2006 Carbine Competition: What Happened, Revealed

On February 3, 2006, the U.S. Army TACOM Life Cycle Management Command issued a presolicitation notice for a nondevelopmental 5.56mm carbine capable of firing U.S. standard M855 and M856 ammunition. The current standard weapon in this class is the M-16 derivative M4. The US Army planned to award contracts for 193,400 carbines, with an estimated procurement cost was $294.7 million.

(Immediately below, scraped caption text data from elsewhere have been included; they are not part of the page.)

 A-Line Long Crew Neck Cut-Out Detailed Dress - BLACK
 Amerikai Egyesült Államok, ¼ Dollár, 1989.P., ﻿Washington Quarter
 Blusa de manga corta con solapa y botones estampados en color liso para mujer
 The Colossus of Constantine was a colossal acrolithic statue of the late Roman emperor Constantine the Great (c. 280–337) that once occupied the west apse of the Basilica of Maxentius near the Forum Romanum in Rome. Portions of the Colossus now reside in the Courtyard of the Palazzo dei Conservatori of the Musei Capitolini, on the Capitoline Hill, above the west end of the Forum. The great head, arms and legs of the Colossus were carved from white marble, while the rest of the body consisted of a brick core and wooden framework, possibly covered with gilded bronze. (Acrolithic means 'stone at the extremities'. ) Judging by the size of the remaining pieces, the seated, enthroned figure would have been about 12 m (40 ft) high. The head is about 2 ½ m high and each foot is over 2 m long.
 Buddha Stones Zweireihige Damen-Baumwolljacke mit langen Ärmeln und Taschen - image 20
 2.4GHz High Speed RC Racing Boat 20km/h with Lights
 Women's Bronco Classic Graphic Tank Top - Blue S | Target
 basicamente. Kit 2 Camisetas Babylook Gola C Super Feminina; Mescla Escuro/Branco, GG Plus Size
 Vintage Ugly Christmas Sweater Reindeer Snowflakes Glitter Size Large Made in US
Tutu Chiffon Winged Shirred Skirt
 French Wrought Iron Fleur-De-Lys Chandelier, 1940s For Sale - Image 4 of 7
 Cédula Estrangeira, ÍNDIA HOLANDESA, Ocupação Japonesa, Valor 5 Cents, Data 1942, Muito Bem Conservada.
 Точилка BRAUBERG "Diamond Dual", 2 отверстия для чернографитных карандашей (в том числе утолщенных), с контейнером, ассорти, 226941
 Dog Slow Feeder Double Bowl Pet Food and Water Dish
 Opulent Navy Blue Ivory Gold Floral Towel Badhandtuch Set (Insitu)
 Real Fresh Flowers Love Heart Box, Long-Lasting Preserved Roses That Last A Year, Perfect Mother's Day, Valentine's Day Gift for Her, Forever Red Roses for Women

Contractors got excited. Rumours flew. Then the Army canceled the effort – the second time it had canceled a carbine competition in less than a year. People were unhappy. People wondered what was going on. Now a Department of Defense Inspector General report can enlighten you, on a couple of fronts. Apparently, the whole procedure was a move to get more price flexibility out of Colt, whose prices had been rising. The I-G auditors say that TACOM didn't follow proper procedures and created needless effort among contractors. TACOM says what they did makes perfect business sense, explicitly committed them to nothing, and was successful. Read "D-2007-026, Competition of the 5.56-Millimeter Carbine" [PDF | text] and decide – and reflect on all the red tape and effort involved in getting weapons systems bought or changed.



The report says that the price of an M4 carbine had risen from $523.84 in 2001 to $980 in 2005. Staging an esentially fake competition sounds like an odd move for a Government entity, but it did get Colt to lower their prices. Opinions?